Rechtliche Beurteilung

[5] In ihrem dagegen am 1. 9. 2021 erhobenen (dem Obersten Gerichtshof am 7. 9. 2021 vorgelegten) außerordentlichen Revisionsrekurs, mit dem sie die Spruchpunkte 1. bis 6. des erstgerichtlichen Beschlusses bekämpft, zeigt die Mutter einerseits keine erhebliche Rechtsfrage im Sinn des § 62 Abs 1 AußStrG auf, andererseits fehlt dem Rechtsmittel die Beschwer.

[6] 1. Nach ständiger Rechtsprechung setzt jedes Rechtsmittel eine Beschwer – also ein Anfechtungsinteresse – voraus, weil es nicht Sache von Rechtsmittelgerichten ist, rein theoretische Fragen zu lösen (vgl RIS‑Justiz RS0002495). Kann ein Rechtsmittel seinen eigentlichen Zweck, die Rechtswirkungen der bekämpften Entscheidung durch eine Abänderung oder Aufhebung zu verhindern oder zu beseitigen, nicht mehr erreichen, dann fehlt es am notwendigen Rechtsschutzinteresse (RS0002495 [T43, T78]).

[7] Die Beschwer muss zum Zeitpunkt der Einlegung des Rechtsmittels gegeben sein und zum Zeitpunkt der Entscheidung über das Rechtsmittel noch fortbestehen; andernfalls ist das Rechtsmittel als unzulässig zurückzuweisen (RS0041770; RS0006880). Diese Grundsätze gelten auch im Verfahren außer Streitsachen (RS0002495 [T81]; RS0006598) und im Besonderen für ein zeitlich überholtes Kontaktrecht (RS0002495 [T2]; RS0006880 [T10, T15, T16]; RS0041770 [T33, T36]).

[8] 2. Der nicht zu beanstandenden Beurteilung des Rekursgerichts, Punkt 1. des erstinstanzlichen Beschlusses enthalte lediglich die Information, dass die bereits rechtskräftig getroffene Regelung der Alltagskontakte aufrecht bleibe, sodass dieser Spruchpunkt keinen eigenen Regelungsinhalt habe und die Rechtsmittelwerberin in ihrer Rechtsposition dadurch nicht beschwert werde, hält die Mutter, die im Verfahren erster Instanz eine Verringerung der bereits für die Zukunft eingeräumten regelmäßigen Kontakte nicht beantragt hatte, im außerordentlichen Revisionsrekurs keine Argumente entgegen und vermag daher schon aus diesem Grund keine erhebliche Rechtsfrage aufzuzeigen.
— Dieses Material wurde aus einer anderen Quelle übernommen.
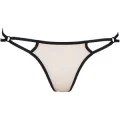 String Beige-Schwarz V-8848 von Axami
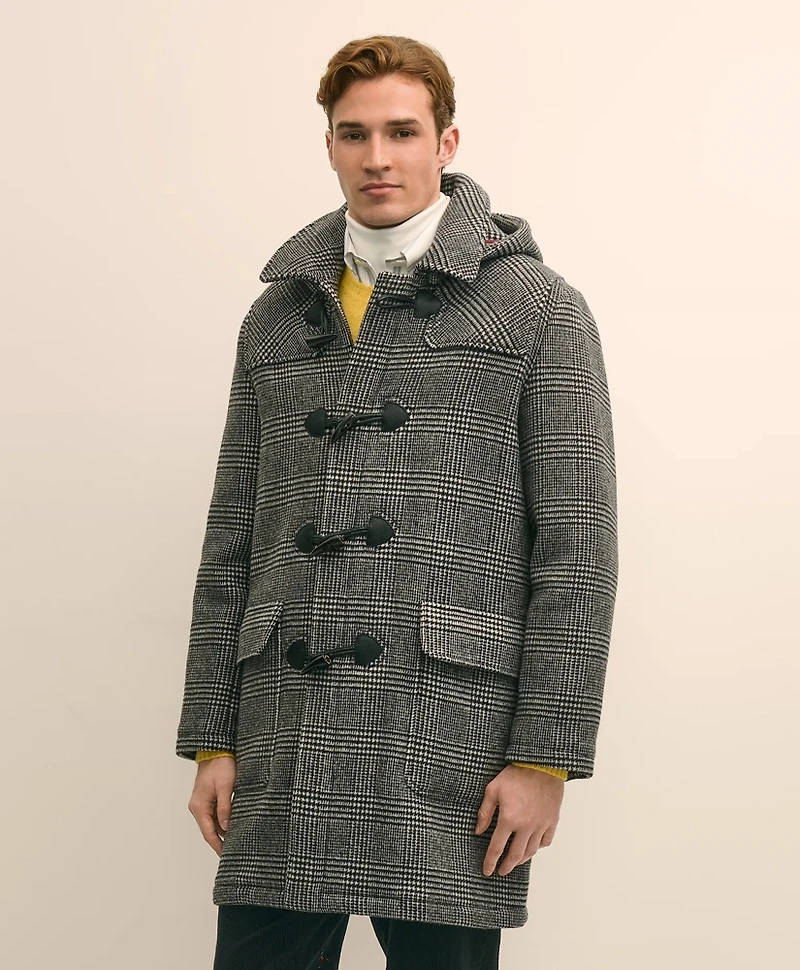 Wool Glen Plaid Duffle Coat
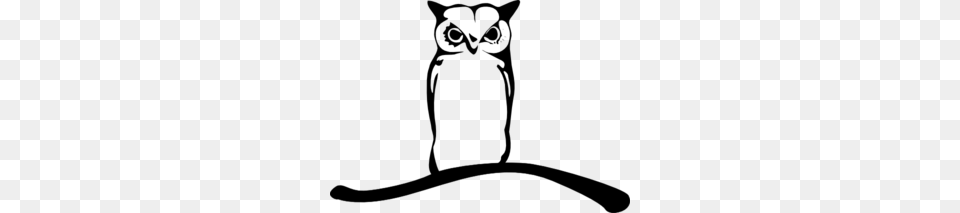 Halloween Silhouette Owl Clip Art, Gray Png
[9] 3. Nach der zu 1. dargestellten Rechtsprechung des Obersten Gerichtshofs mangelt es dem Elternteil, der eine bereits überholte Kontaktrechtsentscheidung bekämpft, an der Beschwer, sodass sein Rechtsmittel zurückzuweisen ist (RS0006526 [T1]). Die Zurückweisung des Rekurses durch das Rekursgericht im Umfang der erstgerichtlichen Entscheidung, die den Zeitraum vor der Rekursentscheidung (Punkte 2. und 3. des erstinstanzlichen Beschlusses) betraf, folgt dieser Rechtsprechung. Das Rechtsmittel der Mutter, das dazu inhaltlich nicht Stellung nimmt, ist daher insofern ebenfalls mangels erheblicher Rechtsfrage nicht zulässig.

[10] 4. Da die Zeit des dem Vater im Sommer 2021 eingeräumten Kontaktrechts längst verstrichen ist, mangelt es der dagegen ankämpfenden Mutter auch hinsichtlich der Punkte 4. bis 6. des erstinstanzlichen Beschlusses an der Beschwer, könnte sie doch selbst im Fall einer stattgebenden Entscheidung den angestrebten Zweck nicht mehr erreichen. Eine meritorische Entscheidung des Obersten Gerichtshofs darüber hätte nur noch theoretische Bedeutung. Der außerordentliche Revisionsrekurs ist daher zurückzuweisen.